Problem:
Copied exactly and without pictures, the lines from the beginning of the entries through the one that holds "栉水母，印度尼西亚蓝碧海峡夜间图片素材" should form the entire reply.

[Input records — start]

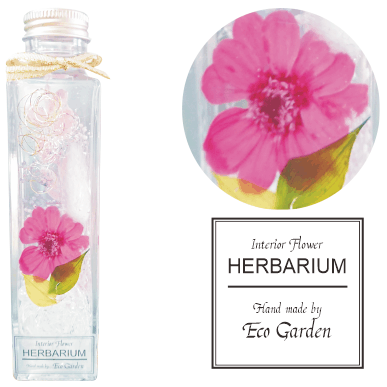 086 ジニア エスプリピンク pink ハーバリウム herbarium プリザーブドフラワー ドライフラワー ピンク 送料無料 ラッピング無料 メッセージカード無料 花 おしゃれ 人気 ギフト プレゼント フラワー 華やか 豪華 インテリア 雑貨 誕生日 お祝い お返し 記念日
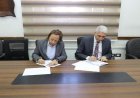 تمكين شباب المنيا نحو تحقيق التنمية المستدامة من خلال مبادرة جديدة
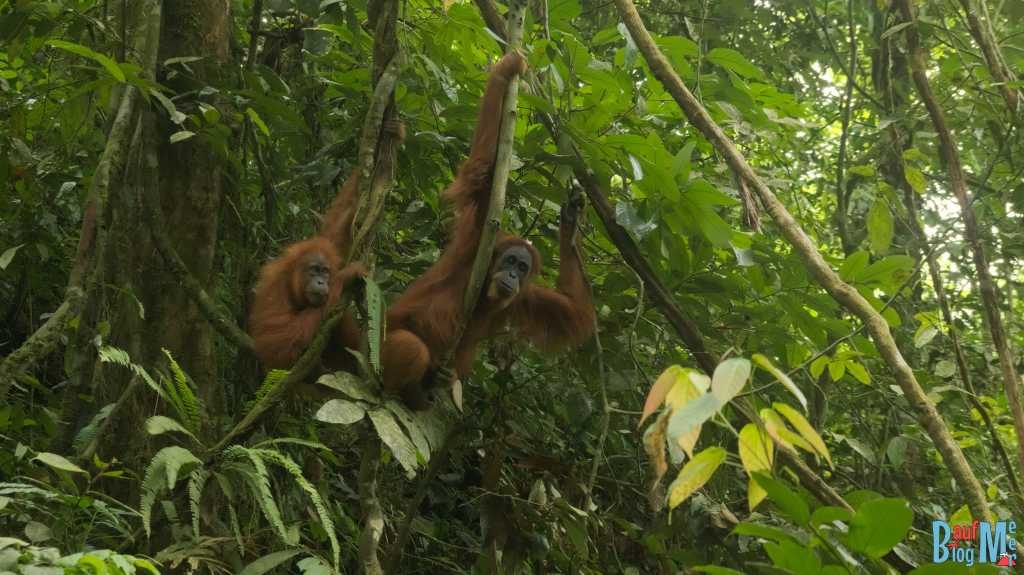 Orang-Utan Weibchen mit Jungtier in Bukit Lawang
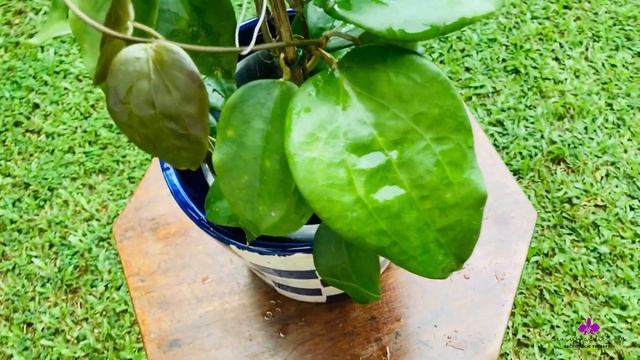 Hoya Highlights | Hoya Pentaphlebia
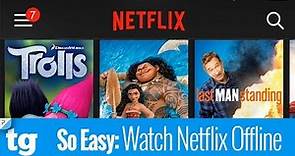 So Easy: How to Watch Netflix Offline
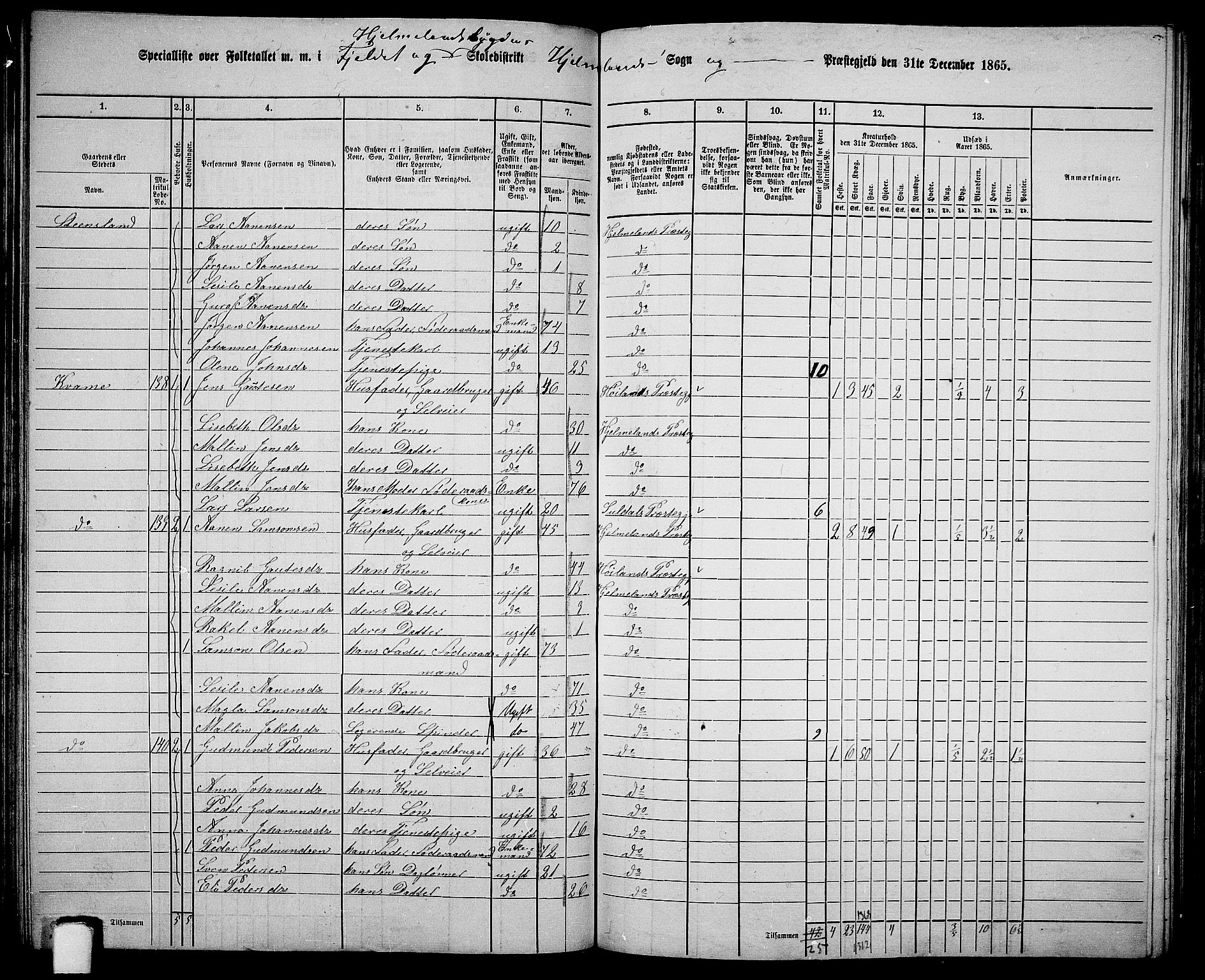 RA, 1865 census for Hjelmeland, 1865, p. 84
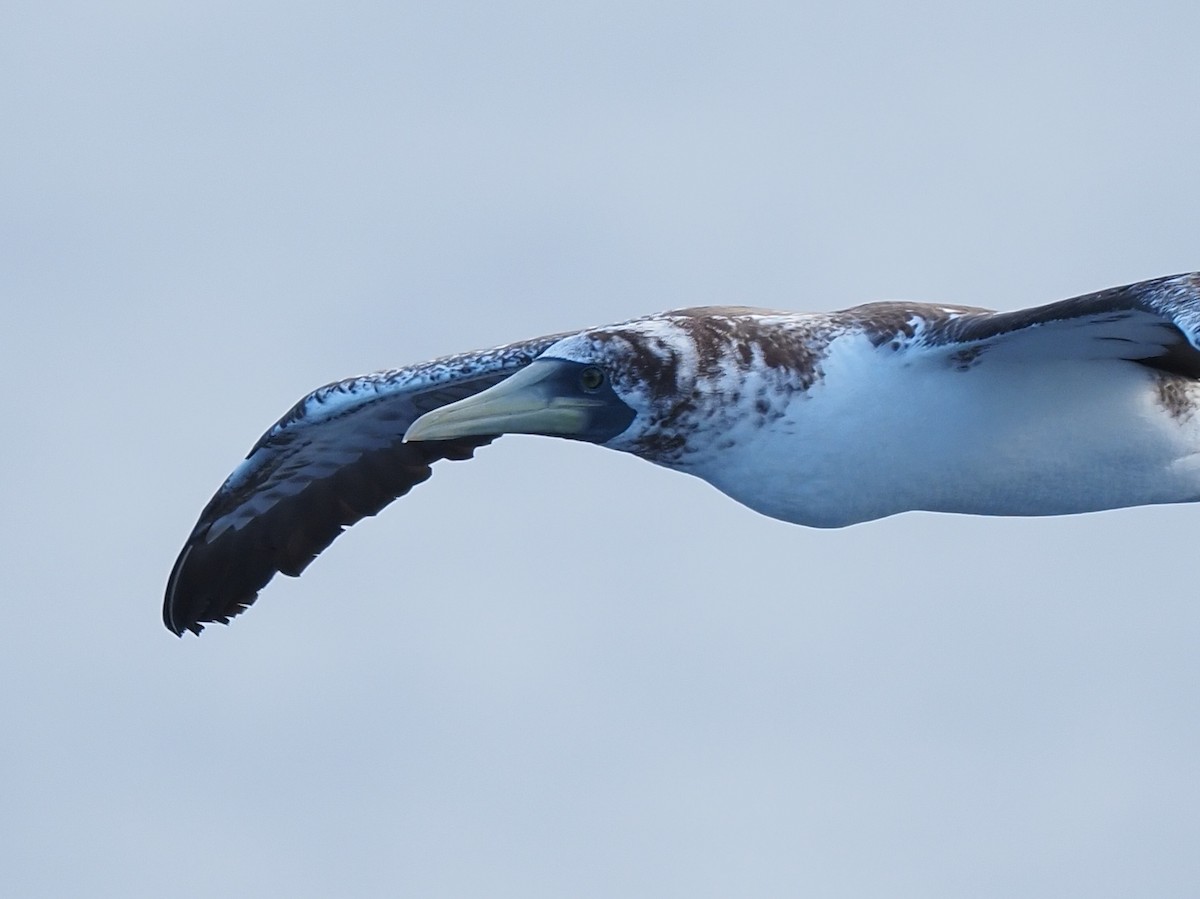 Masked Booby - ML620136449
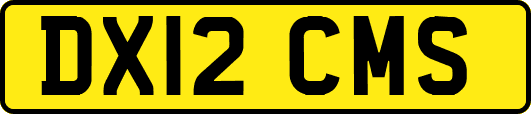 DX12CMS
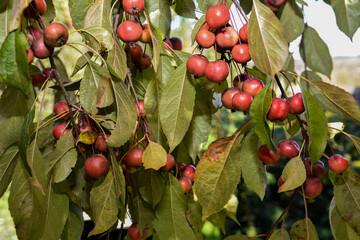 Canvas Print - Paradise apples hang on tree branch.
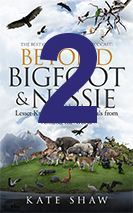 Small Mysteries ebook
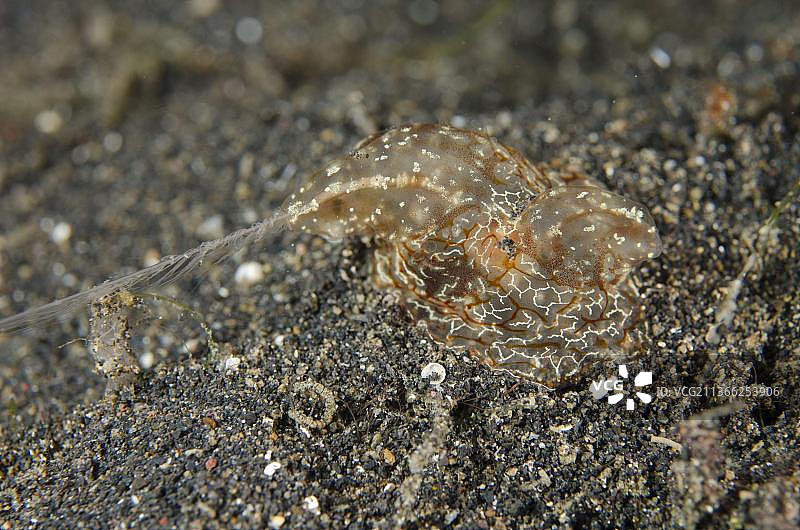 栉水母，印度尼西亚蓝碧海峡夜间图片素材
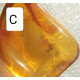 Small Baltic amber piece with insect inclusion in transparent plastic box  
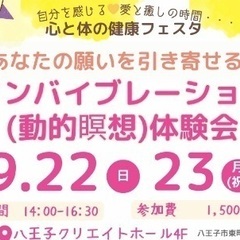 あなたの願いを引き寄せる!ブレインバイブレーション瞑想 (動的瞑...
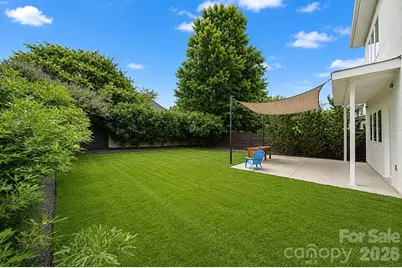 1243 Realta Drive, Charlotte, NC 28211 - Photo 3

[Input records — finish]

Written response:
 086 ジニア エスプリピンク pink ハーバリウム herbarium プリザーブドフラワー ドライフラワー ピンク 送料無料 ラッピング無料 メッセージカード無料 花 おしゃれ 人気 ギフト プレゼント フラワー 華やか 豪華 インテリア 雑貨 誕生日 お祝い お返し 記念日
 تمكين شباب المنيا نحو تحقيق التنمية المستدامة من خلال مبادرة جديدة
 Orang-Utan Weibchen mit Jungtier in Bukit Lawang
 Hoya Highlights | Hoya Pentaphlebia
 So Easy: How to Watch Netflix Offline
 RA, 1865 census for Hjelmeland, 1865, p. 84
 Masked Booby - ML620136449
 DX12CMS
 Canvas Print - Paradise apples hang on tree branch.
 Small Mysteries ebook
 栉水母，印度尼西亚蓝碧海峡夜间图片素材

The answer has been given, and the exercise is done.